Google last week announced AlphaGo, a program that uses ML techniques to optimize MCTS. This program beat the European Go champion five games to none, a huge advance over beating amateurs. In March AlphaGo will play the world Go champion, Lee Sedol, in a five game match. The world will follow the match closely (on YouTube naturally). For now we should keep our expectations in check, Deep Blue failed to beat Kasparov in its first attempt.
Google researchers describe AlphaGo in detail in a readable Nature article. To oversimplify they train deep neural nets to learn two functions, the probability of a win from a given position, and the probability distribution used to choose the next move in the random game play in MCTS. First they train with supervised learning based on historical game data between expert players and then reinforcement learning by basically having the program play itself. AlphaGo uses these functions to guide the Monte Carlo Tree Search.
AlphaGo differs quite a bit from chess algorithms.
- AlphaGo uses no built-in strategy for Go. The same approach could be used for most other two player games. I guess this approach would fail miserably for Chess but I would love to see it tried.
- Machine learning has the nice property that you can train offline slowly and then apply the resulting neural nets quickly during gameplay. While we can refine the chess algorithms offline but all the computation generally happens during the game.
- If a computer chess program makes a surprising move, good or bad, one can work through the code and figure out why the program made that particular move. If AlphaGo makes a surprising move, we'll have no clue why.
- I wonder if the same applies to human play. A chess player can explain the reasoning behind a particular move. Can Go players do the same or do great Go players rely more on intuition?

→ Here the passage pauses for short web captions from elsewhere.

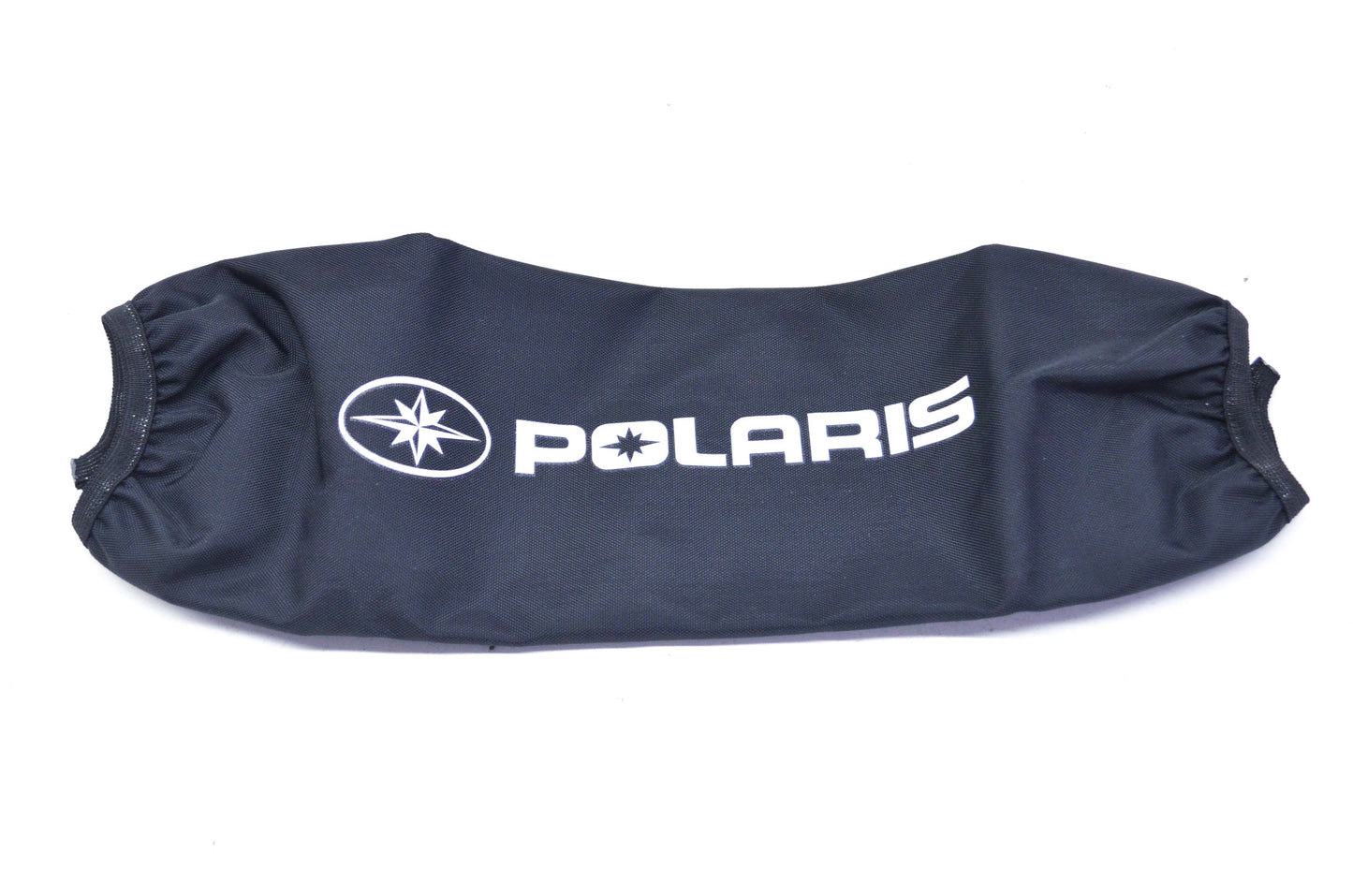 New OEM Polaris Rear Shock Cover NOS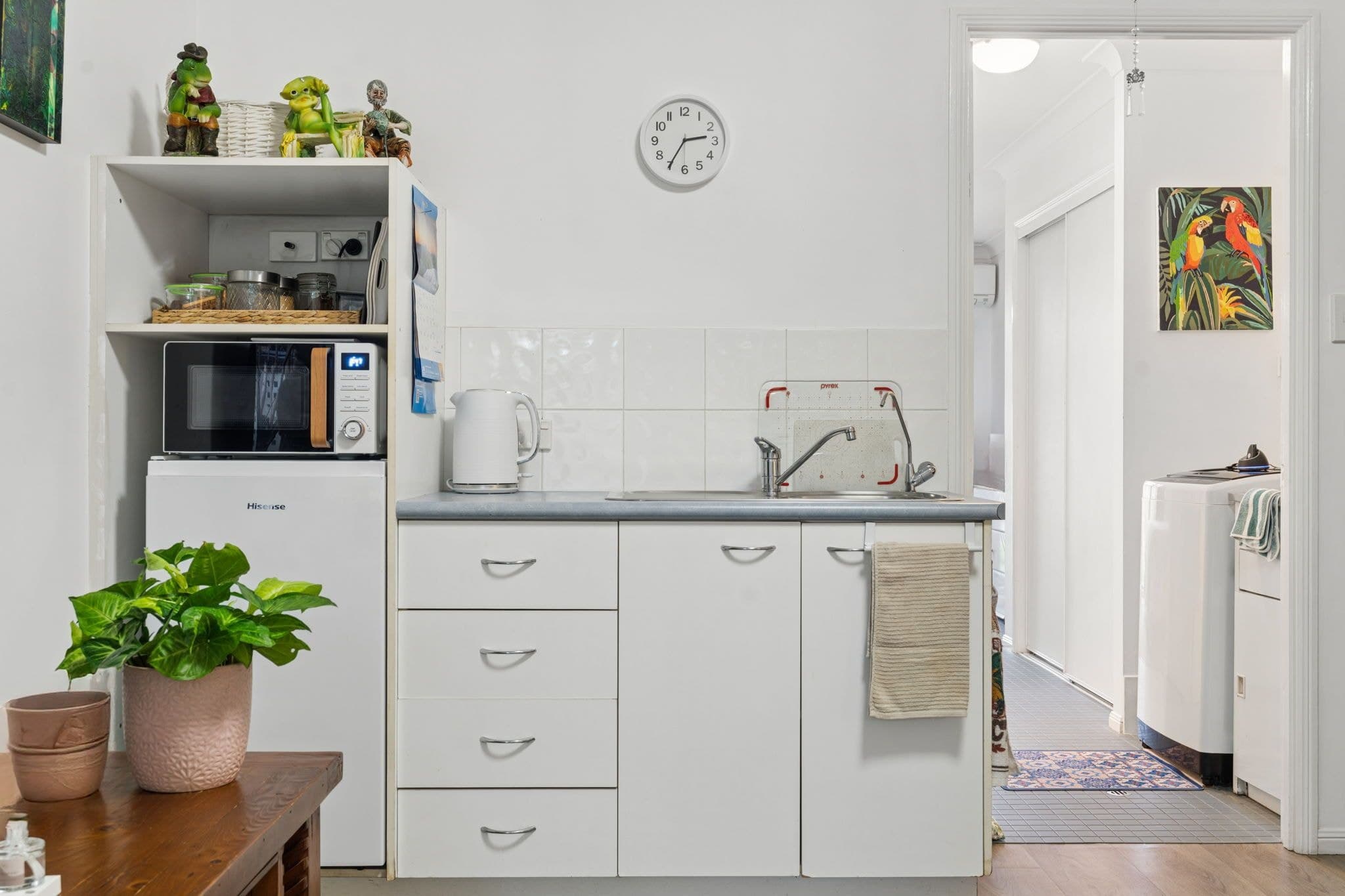 57/1-11 Woodbeck Street, Beenleigh QLD 4207, Beenleigh - Thumbnail 2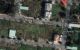 thum-m_al8VAb1BfX_1667262778.jpg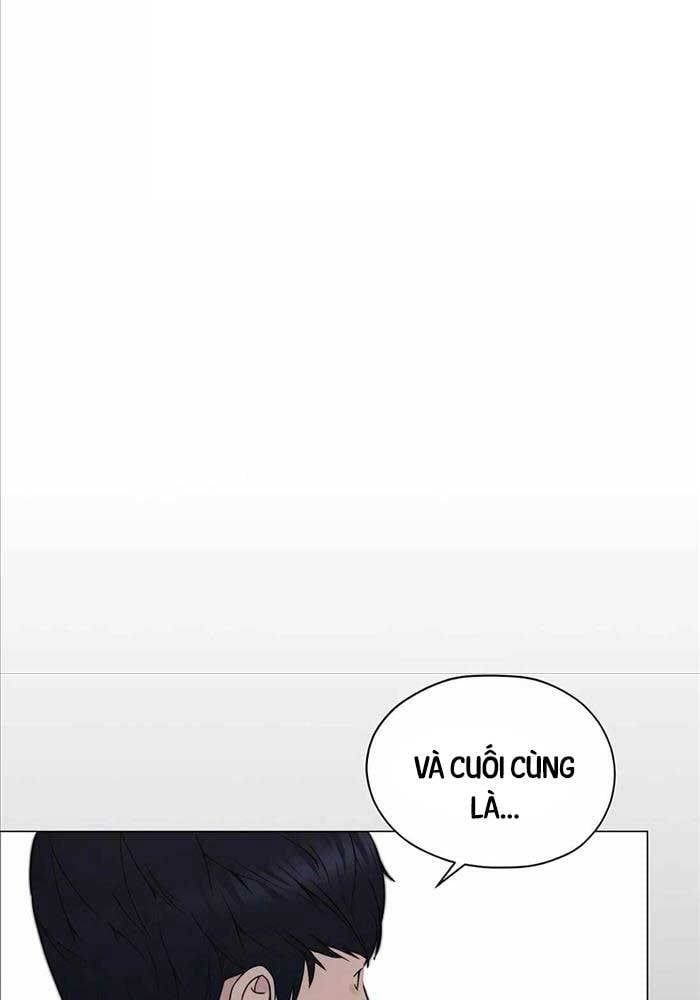 đọc truyện Người Đàn Ông Thực Thụ Chương 200 ảnh 100 tại Thiên Thai Truyện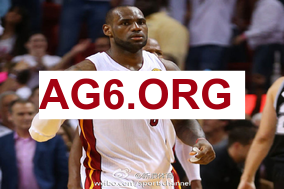 沙特媒体人：C罗认为自己是球队问题所在，考虑申请休假一个月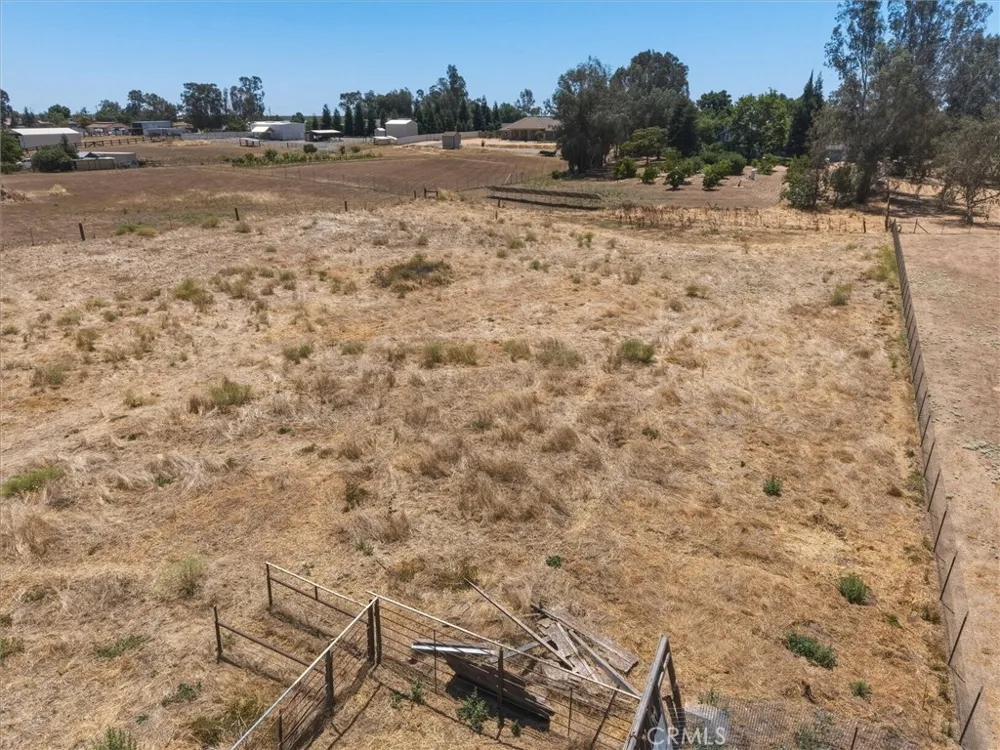30664 Donald Avenue Madera, CA 93636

Machine learning applications like AlphaGo seemingly tackle difficult computational problems with virtually no built-in domain knowledge. Except for generating the game data for the supervised learning, humans play little role in how AlphaGo decides what to do. ML uses the same techniques to translate languages, to weed out spam, to set the temperature in my house, and in the near future to drive my car. Will they prove our theorems? Time will tell.